Project Description
Ana Ribeiro da Silva and Guiseppe Garibaldi
In 1839, young Italian revolutionary Garibaldi sailed to Brazil and joined the rebels known as the Ragamuffins in their attempt to separate from Brazil. One day, shaken by the loss of a close friend in a battle at sea he suddenly saw a girl on the beach. He ordered to be rowed ashore, approached her and said: “You must become mine”, in greeting her. Garibaldi later wrote: ‘and with this I had tied a bond which only death could sunder! I had discovered a hidden treasure, a treasure of incredible value, to be sure!
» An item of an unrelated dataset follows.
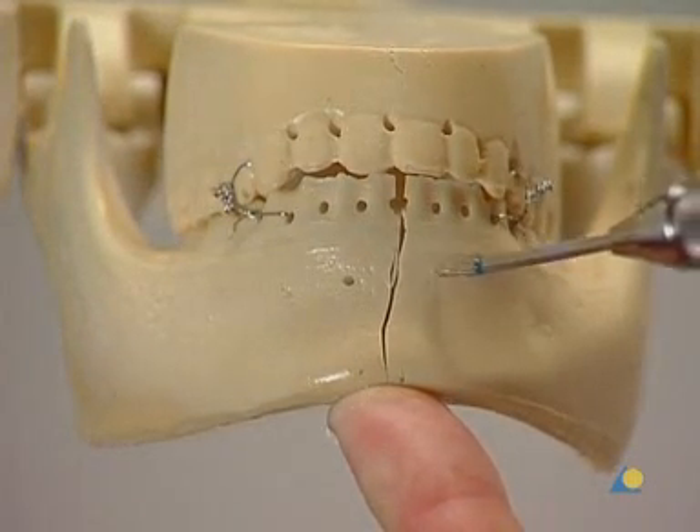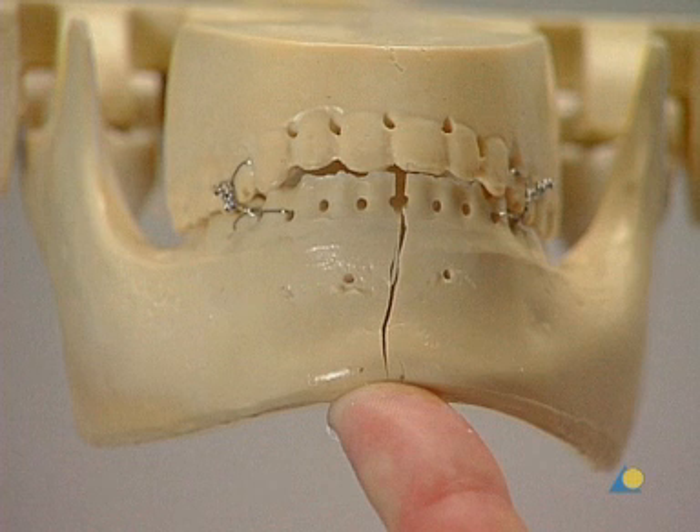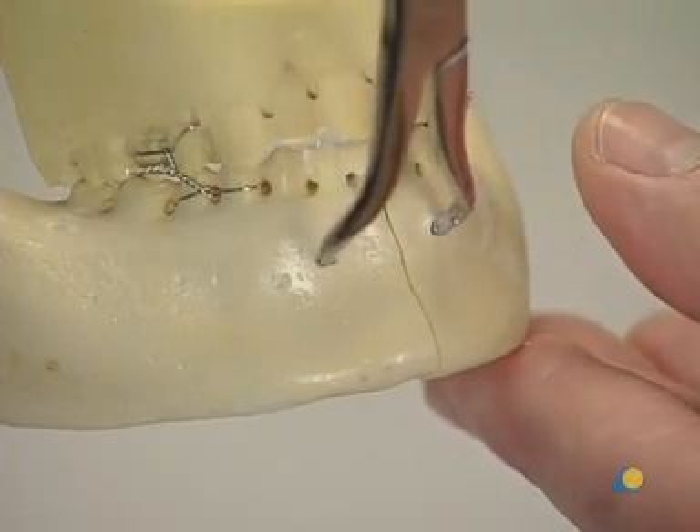The model requires two monocortical holes to be drilled at the superior border on either side of the fracture to help when placing the reduction forceps. In the clinical situation, caution should be taken not to harm the tooth roots. The mandible halves are manipulated until anatomic reduction is achieved.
If there was guilt in it, it was exclusively mine, and certainly I was guilty, for the love in which our hearts united broke the heart of a poor innocent person who had more rights than I!’. So began one of the most famous war love stories. Anita joined Garibaldi and fought on his side. She came from a family of herdsmen and was a skilled horsewoman with the strength of a man and the tenderness of a woman. Anita and Giuseppe were married in 1842, in Montevideo. They traveled back to Italy with Garibaldi’s red-shirted legionnaires to fight against the Austrian Empire. Anita participated in the defense of Rome, which fell to a French siege on June 30 1849. She managed to flee from French and Austrian troops but later died sick from malaria, pregnant, in Garibaldi’s arms. When Garibaldi went to hail the king of the united Italy in 1860, he did so wearing Anita’s scarf, honoring her memory.